## Collected data
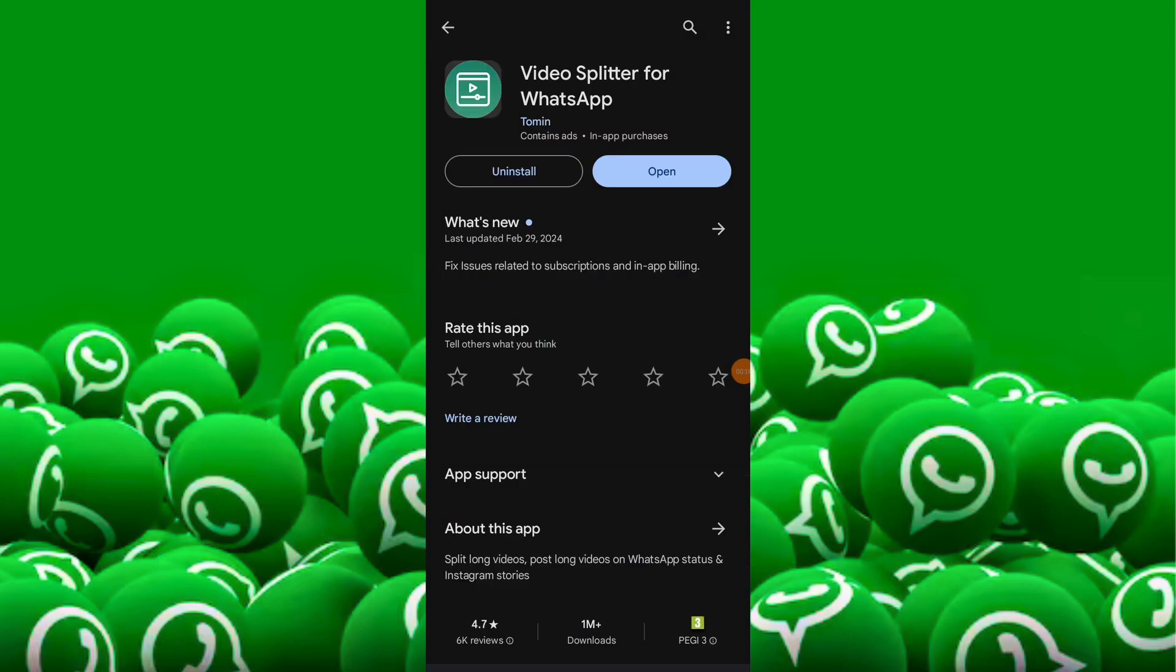Open your App Store or Google Play Store and search for Video Splitter application. Choose one that suits your preference.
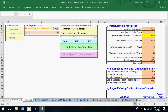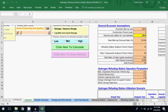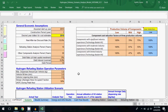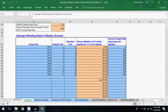To run a simulation, simply click here to calculate, and the model will generate results. If you continue to scroll right, you can see some general economic assumptions, hydrogen refueling station operation parameters, and other specifications.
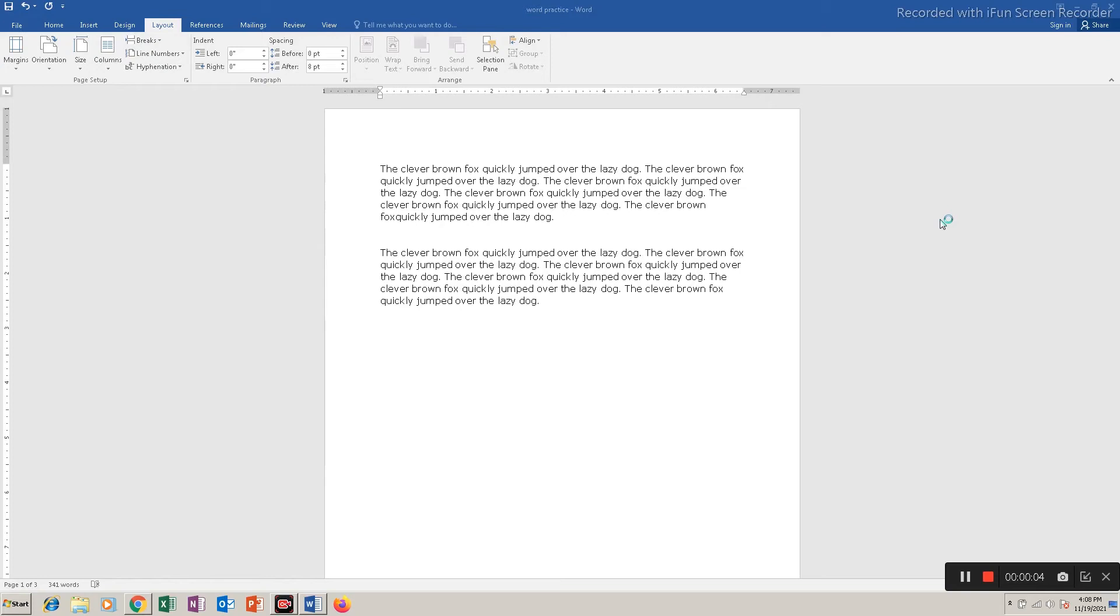In this video today we will see three types of indenting in Microsoft Word. Indenting is to move the text either from the left towards the right or from the right towards the left.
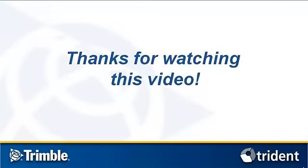That is it for this tutorial on Auto-Pole Detection. Watch the Quality Control Techniques video to learn about performing the QA-QC process on the detected results. Thanks for watching!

## Your objective
Only the lines above starting with the line with "To run a simulation, simply" and going on through the line with "In this video" belong in the answer; repeat them exactly, minus any picture.

## Exercise answer
To run a simulation, simply click here to calculate, and the model will generate results. If you continue to scroll right, you can see some general economic assumptions, hydrogen refueling station operation parameters, and other specifications.
In this video today we will see three types of indenting in Microsoft Word. Indenting is to move the text either from the left towards the right or from the right towards the left.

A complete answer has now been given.